While the intern went back to massaging his feet, Clinton made another call. He informed the person on the other end of the line that Hillary had cracked a joke about her disappearing e-mails at the Wing Ding dinner in Clear Lake, Iowa.
The intern remembered Clinton saying: “She’s f–king over the FBI. How stupid is that! You and I need to talk. I’ll send a plane to get you.”
The man who arrived at the library was one of Bill Clinton’s oldest and most trusted advisers. [The source was interviewed more than two dozen times for this book.] They strolled out onto Clinton’s penthouse terrace, his friend carrying a tumbler of Johnnie Walker Black, Bill with a glass of red wine, which his doctor had prescribed for his heart.
“You’re right, this e-mail thing is spiraling out of control,” the adviser said, according to his recollection of the meeting, which he later shared with the author of this book.
“From what I know of the case,” he went on, “she’s extremely vulnerable. It involves not only the FBI and the Justice Department, but two inspectors general in the intelligence community and the inspector general of the State Department. There are a number of statutes that she appears to have violated and national security laws that she may have breached.”
He took out several sheets of paper and began reading from a long list that amounted to a bill of indictment.
When his friend had finished ticking off the items on his list, Clinton asked, “So?”

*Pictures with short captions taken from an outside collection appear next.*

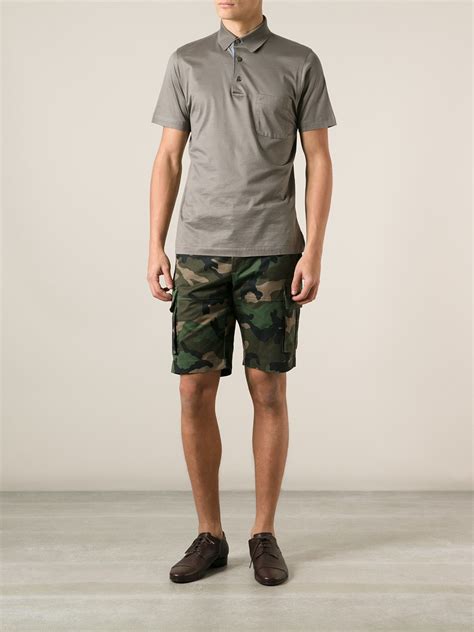 Lyst Valentino Camouflage Cargo Shorts In Green For Men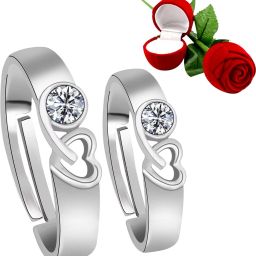 Couple Rings for lovers SilverPlated Exclusive Heart Design With Solitaire Diamond His And Her Adjustable proposal couple ring for Men And Women Jewellery Alloy Ring Set-image-13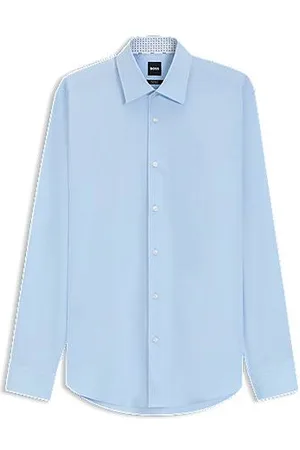 HUGO BOSS Regular-fit shirt in easy-iron stretch-cotton poplin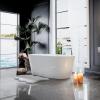 imageEmpava Bathtub 59quot Soaking Tub Acrylic Free Standing Tub with Center Drain and OverflowContemporary Design Bathtubs for Bathroom cUPC Certified Glossy White Pack of 1Glossy White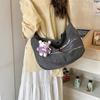 Letter print canvas bag for women2026Spring new trendy fashi tote bag for students, large capacity crossbody bag for school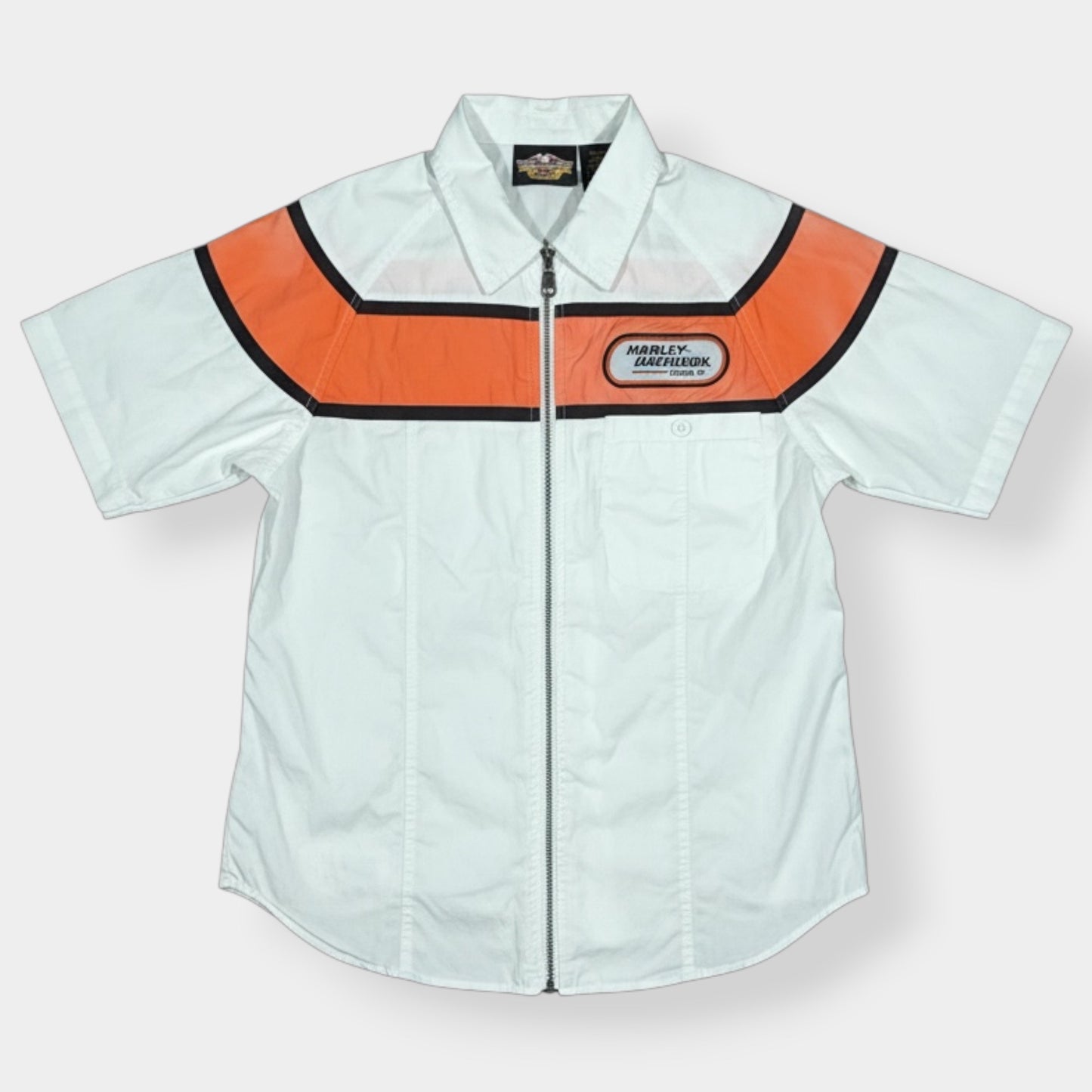 HARLEY DAVIDSON | VINTAGE SHORT SLEEVE ZIP UP SHIRT (S)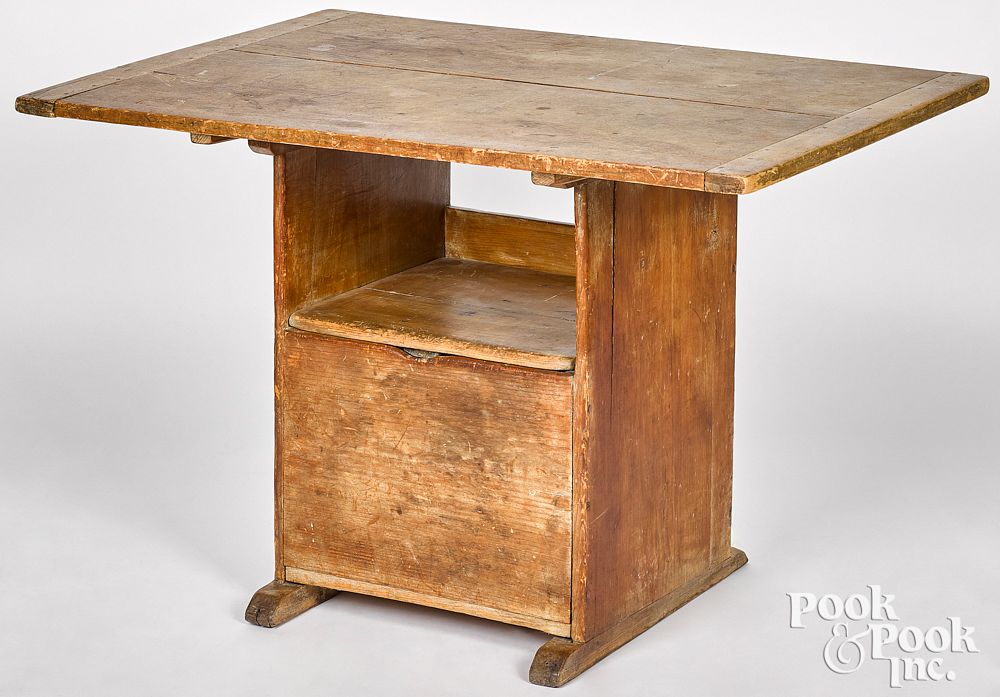 Appraisal: New England pine chair table New England pine chair table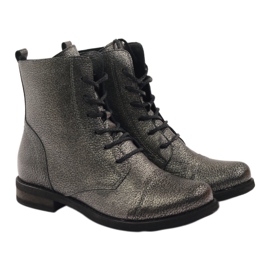 Edeo Black metallic workery boots 4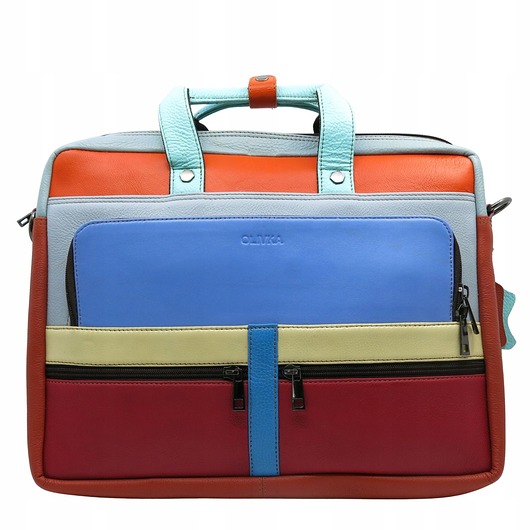 torby na ramię Aktówka torba na laptopa skórzana rączki regulowany pasek kieszenie OLIVKA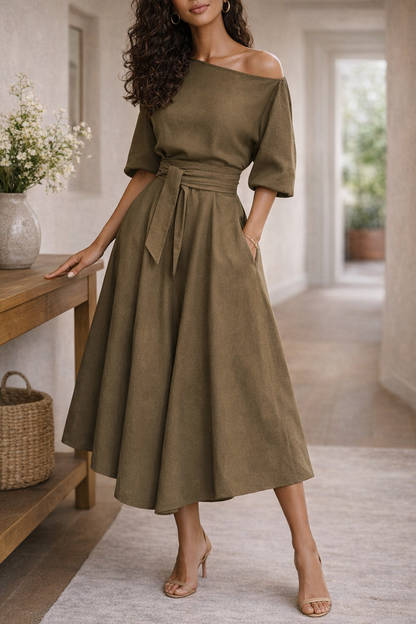Elegante abito midi con cintura per donne – Abito a campana femminile per occasioni speciali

“My recommendation is that Hillary get ahead of the situation by hiring an outside legal counsel,” the adviser replied, recalling the conversation for the author of this book. “She needs to secure the services of an expert legal counsel — preferably a big-league defense attorney from the Republican side of the aisle.”
Hillary, he added, needed to get some “discovery” as to where the investigation was going.
“You don’t want to be blindsided, and if you ignore it, pretend it’s a partisan ploy, and act scornfully, it will blindside you,” the adviser said. “That’s not where you want to be.”
‘Hillary’s e-mails aside, there was a big problem with her campaign,” his adviser told the author of this book. “Bill knew — even if Hillary didn’t — that he had to be a major component of her campaign for it to work. He felt that the country had drifted to extremes on both sides and the only winning strategy was to persuade voters on the basis of their hearts — to be so appealing and likeable they wanted to see you on television in their living rooms every night. He believed that he had that appeal. But he was far from certain that he had the stamina to do as much campaigning as needed to be done.
“The other component was the growing distance between Bill and Hillary,” the adviser continued. “She didn’t listen to much of what he said anymore. When he went on about policy and politics, she rolled her eyes and started checking messages on her BlackBerry.
“She resented the fact that Bill was treated like a rock star and that she had to work hard to create the illusion of enthusiasm. All Bill had to do is walk into a room. He gave off an electrical charge. Men lit up in his presence. Women swooned. Hillary had to scream to get attention.
“I think that if Hillary was more appreciative of Bill’s efforts and less resentful, he would’ve worked harder for her. It was exhausting to work for someone who didn’t appreciate you.
“I was with him at the apartment in Little Rock after a long telephone conversation with Hillary in which he held the phone away from his ear because she was shouting that he was interfering with her campaign. Finally, he cut her short and said he would call back later. He didn’t exactly hang up on her, but it was very close.
“Afterward, he slumped down in a chair and shook his head. He looked old and defeated. Then he got up, went out to his rooftop putting green, and started chipping shots into the Arkansas River. When he was done, he looked like his old self again.